Innovation provides plenty of investing opportunities in industrials and technology. Choosing the best companies often means following the money.
The sector has seen sales growth, and that bodes well for capital spending, which tends to lag sales, says Chris Kerlow, CFA, in a Richardson GMP market report. He cites consultancy-services company WSP as a stock benefiting from increased capex spending. The company focuses on engineering projects outside Canada.
“The stock offers a very attractive 2.9% dividend yield, which is supported by strong fundamentals,” he says.
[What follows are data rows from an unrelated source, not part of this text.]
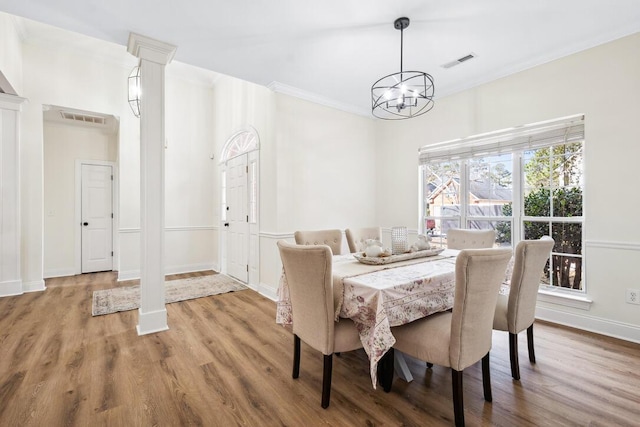 dining space with wood finished floors, a notable chandelier, crown molding, and visible vents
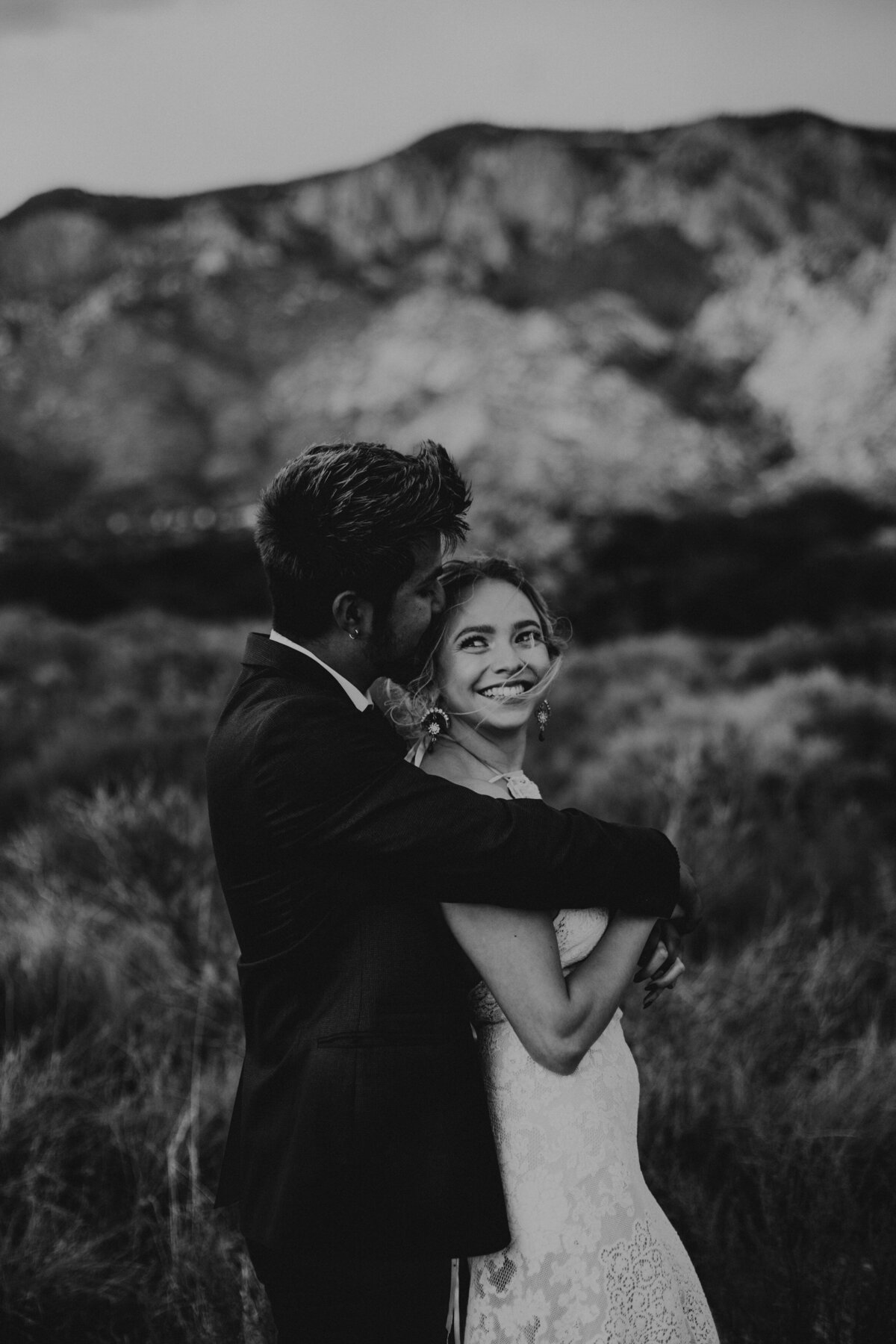 groom kissing bride in desert while she smiles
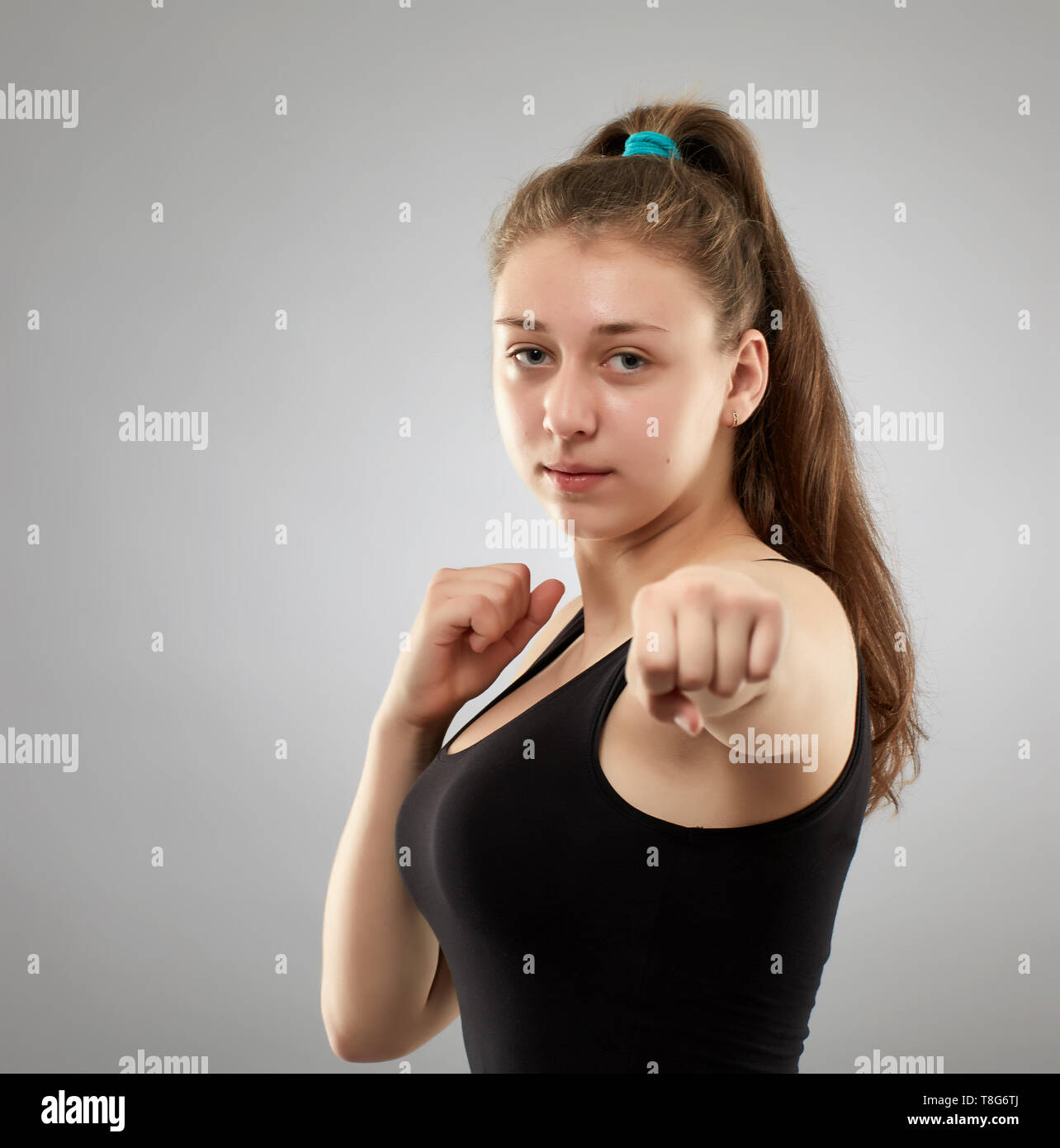Female bare knuckle fighter on gray background Stock Photo Alamy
Read: Watch for dividend cuts
Kerlow’s firm also holds names that capitalize on U.S. defence spending. An example is General Dynamics, which recently won a contract to create submarines for the U.S. Navy.
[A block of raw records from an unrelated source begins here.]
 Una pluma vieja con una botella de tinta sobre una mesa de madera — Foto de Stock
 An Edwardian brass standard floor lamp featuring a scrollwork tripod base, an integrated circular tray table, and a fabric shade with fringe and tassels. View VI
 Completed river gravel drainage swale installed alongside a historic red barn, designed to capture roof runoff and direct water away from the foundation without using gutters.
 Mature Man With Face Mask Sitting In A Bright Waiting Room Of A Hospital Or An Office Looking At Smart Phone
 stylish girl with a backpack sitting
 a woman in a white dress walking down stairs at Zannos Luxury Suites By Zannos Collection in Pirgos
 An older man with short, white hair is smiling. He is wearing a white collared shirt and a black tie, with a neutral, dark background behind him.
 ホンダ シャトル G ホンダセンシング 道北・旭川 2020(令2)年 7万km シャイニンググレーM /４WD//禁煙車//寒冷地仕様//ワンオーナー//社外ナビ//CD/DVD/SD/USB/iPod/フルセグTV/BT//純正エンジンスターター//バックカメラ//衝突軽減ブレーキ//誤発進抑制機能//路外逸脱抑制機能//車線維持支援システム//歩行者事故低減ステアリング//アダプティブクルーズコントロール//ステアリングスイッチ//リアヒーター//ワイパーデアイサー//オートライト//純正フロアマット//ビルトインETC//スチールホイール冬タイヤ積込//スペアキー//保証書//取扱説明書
“The stock also acts as a hedge, should geopolitical risks drastically rise,” he says.
In tech, corporate spending might be an even bigger tailwind, as companies invest in upgraded systems that can thwart cyberattacks, says Kerlow.
He names Canadian company Evertz Technology, a market leader in entertainment solutions, as a unique choice for his firm. That’s because larger fund competitors often can’t take advantage of such small companies because of liquidly considerations.
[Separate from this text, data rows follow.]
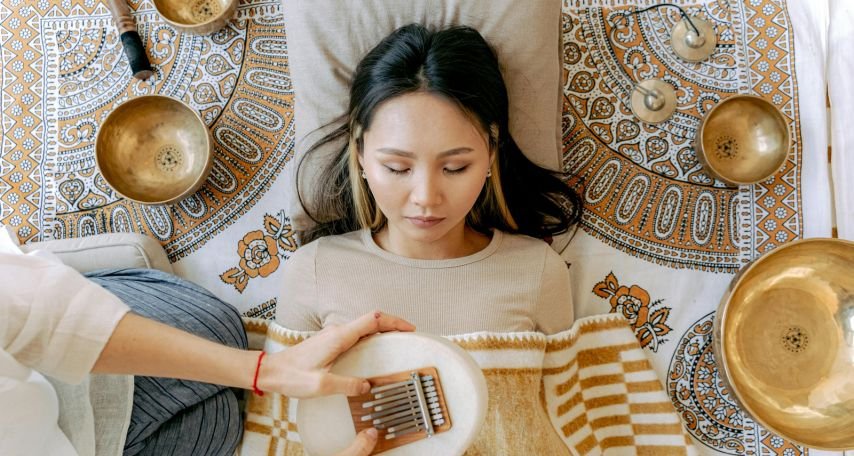 Woman Relaxing while Listening to Sounds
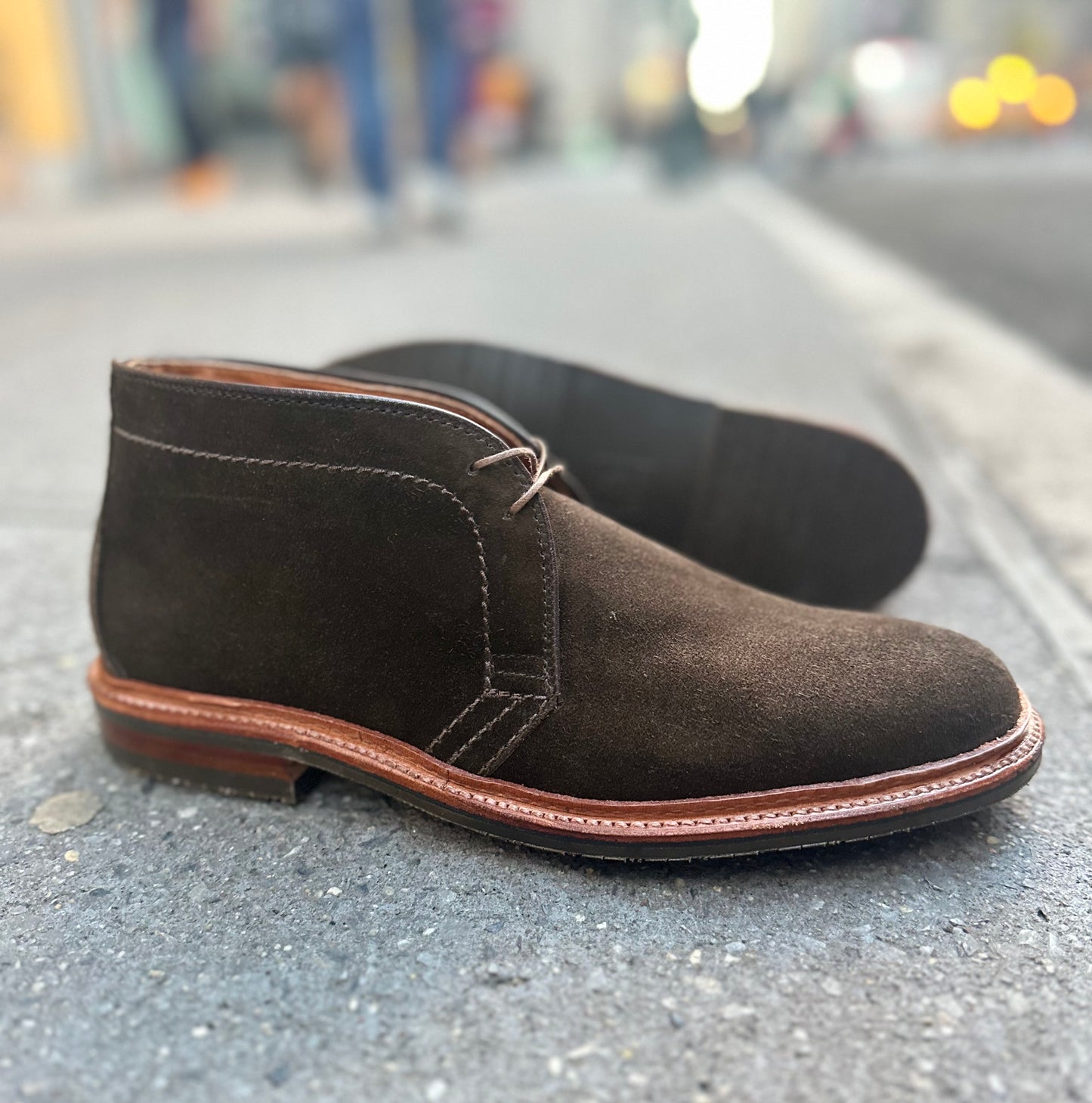 The Alden Madison D1712L Chukka Boot in Loden Suede elegantly rests on a city sidewalk, showcasing its craftsmanship with an L3 Sole while the vibrant urban backdrop adds a dynamic blur.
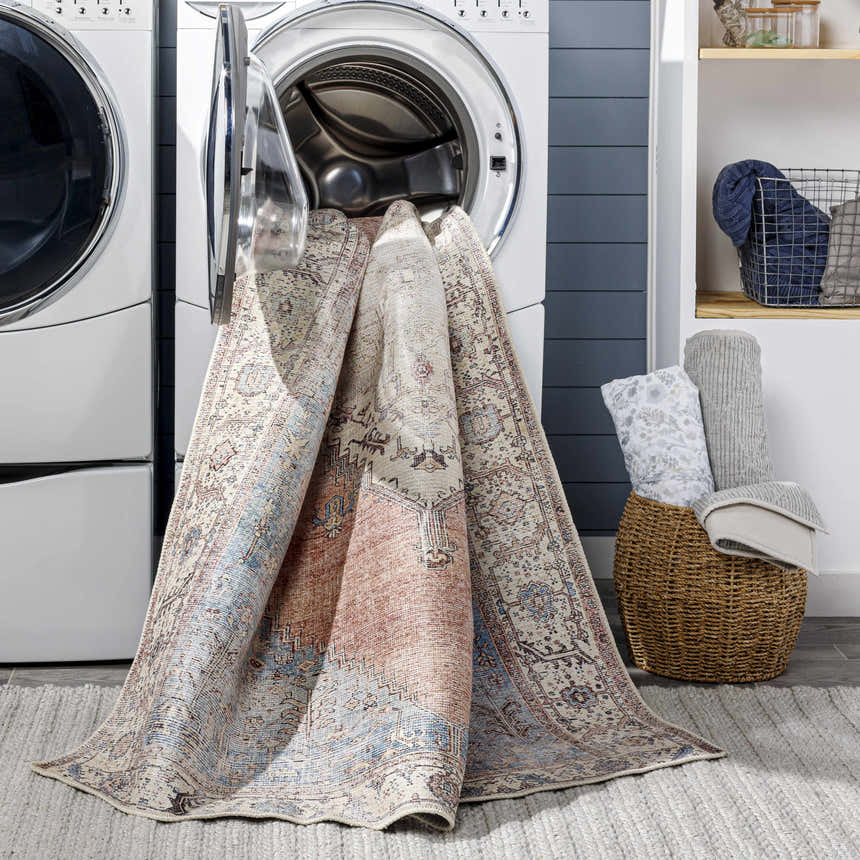 Sacriston Washable Area Rug in laundry room coming out of washing machine. Bohemian style rug with aqua, rose, and tan colors. Washing-Machine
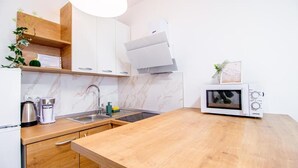 A modern kitchen with a wooden countertop, a built-in microwave, and a stainless steel sink.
More familiar names are Intel and Microsoft. The former offers nearly 3% dividend yield supported by cash flows from its market-leading seminconductor chips, says Kerlow. The latter has seen 98% growth in its server products and tools division with Azure, the hybrid cloud offering.
“Valuations have begun to get a little stretched, but we continue to hold a modest weight in the name,” he says of Microsoft.
Innovation also comes to the sector in the form of e-commerce. For example, “TFI International and UPS specialize in getting tools and supplies to infrastructure developments,” says Kerlow. He’s further positive on e-commerce because it serves a global marketplace and benefits from healthy competition.